In 1978 or ’79, the director of the Dalhousie Art Gallery resigned. C. herself, who was on the gallery committee, was invited to become Acting Director, accepted on the understanding that it would be for no more than a year, and did a magnificent job.

The 4th Annual Drawing Show that she curated was exemplary, and gave a rich representation, for the first time in the series, to Nova Scotia artists, among them the very gifted Graham Metson.

She had a superb eye, and chose fearlessly. There were some large full-frontal nude portraits by Charlotte Hammond of males fixing cars, taking photos, and so forth. I’m sure Carol hoped that they’d be found provocative, and had her innocent-eyed reply ready (sauce for the goose, sauce for the gander, what was the problem?).

The show was refused funding by the Canada Council on the grounds that none of the artists except Alex Colville were good enough. Colville’s pieces were the weakest in the show.

She looked, she gazed, she discriminated (in the proper sense of that word).

She did not depend on the kind of crude historicity that, once having decided that this or that artist is “significant” or insignificant, knows that anything by the former will be worth attention and nothing by the latter will. She did not include any of her own drawings in the show.

She also introduced lunchtime talks and film-shows, and did other things to bring people back into a gallery that had not been much visited of late. Among other things, there was a large show of Mexican art sponsored, I think, by Rothman’s.

II

She enjoyed the work, enjoyed the chance to put some of her ideas into practice, enjoyed (again with a sense of irony) the fact that she was now treated with respect when she attended meetings with other gallery directors.

She was Somebody now, not a mere artist.

I think she even enjoyed the paperwork, or at least the business of seeing that things were done as sensibly and efficiently in the office as possible.
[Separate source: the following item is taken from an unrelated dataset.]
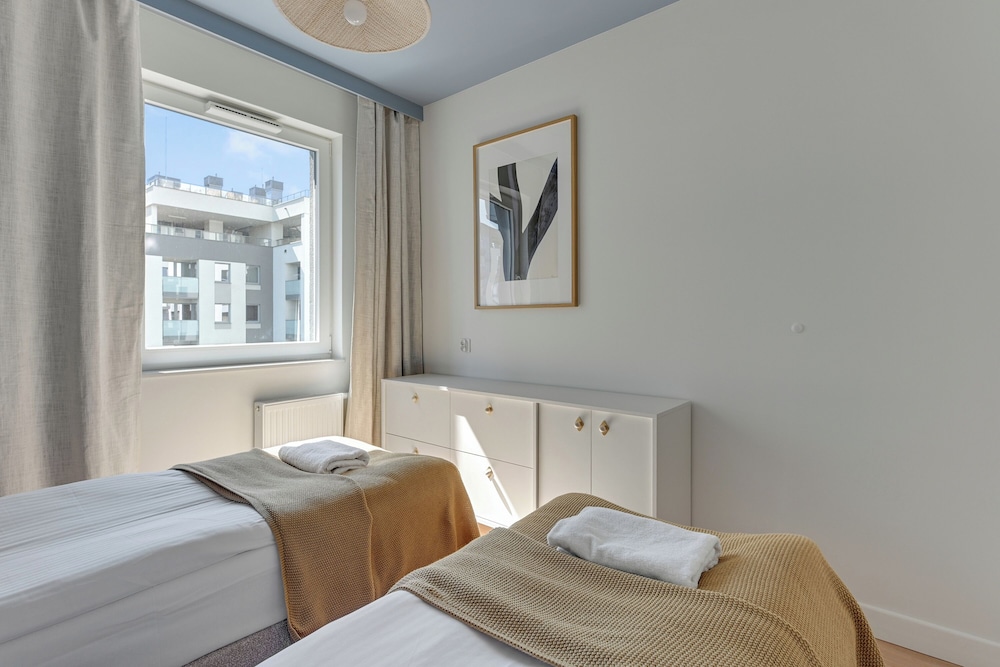 Horizon 63 Superior by Grand Apartments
And she got along well with her staff, and was able to deal effectively with senior members of the Dalhousie administration.

But she had, I know, no desire to continue in the job. It gave her no time for her own work, and the damp basement where the gallery and offices were housed was bad for her lungs. She felt increasingly the lack of an Art History Department at Dalhousie. And she was deeply hurt, I know, by the awareness that a whispering campaign had been mounted, to the effect that she had forced out the previous director in order to become director herself.

III

She was honourable and had behaved, in the proper sense of the word, disinterestedly, her eye, during the time of struggle, always on the problems in front of her—Dalhousie’s needs, the legitimate claims of local artists, the nature of the drawing collection that Dalhousie should be building up. After she left, a number of the policies that she established were continued. It hurt her very much to feel that she was perceived by various people across the country, who got their opinions from her adversaries, as a vicious person on the make.
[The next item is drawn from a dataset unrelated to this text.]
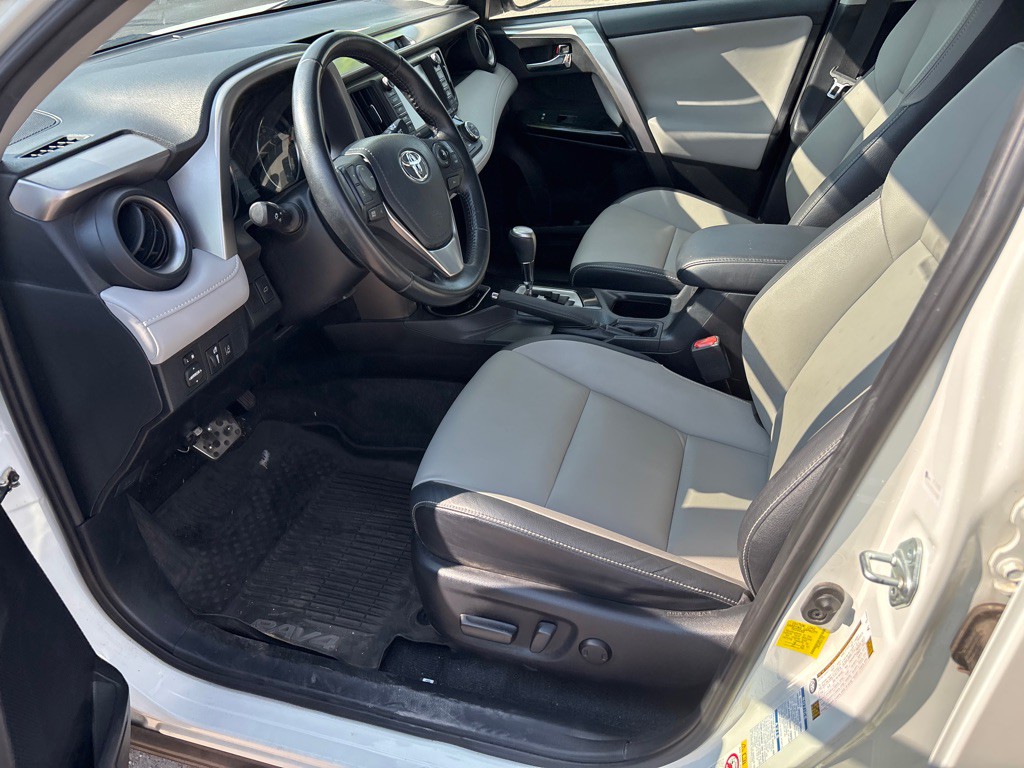 2017 Toyota Rav4 Image 5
She wasn’t just being paranoid here, either. I know that on one occasion, near the end of her tenure, Dalhousie’s president said something to her about having been pleasantly surprised by how well she had done, given what he had heard about her at the outset.

I’m sure she must have heard other things too that she didn’t impart to me. She tried not to inflict merely personal problems on me, as distinct from ones where serious intellectual issues were involved.

IV

I might add that the power network that she had to cope with in fact or in her head,—the Art College’s inner circle, the University administrators, the Nova Scotian politicans and bureaucrats, the National Gallery, Canada Council, and Art Bank officials—was overwhelmingly male.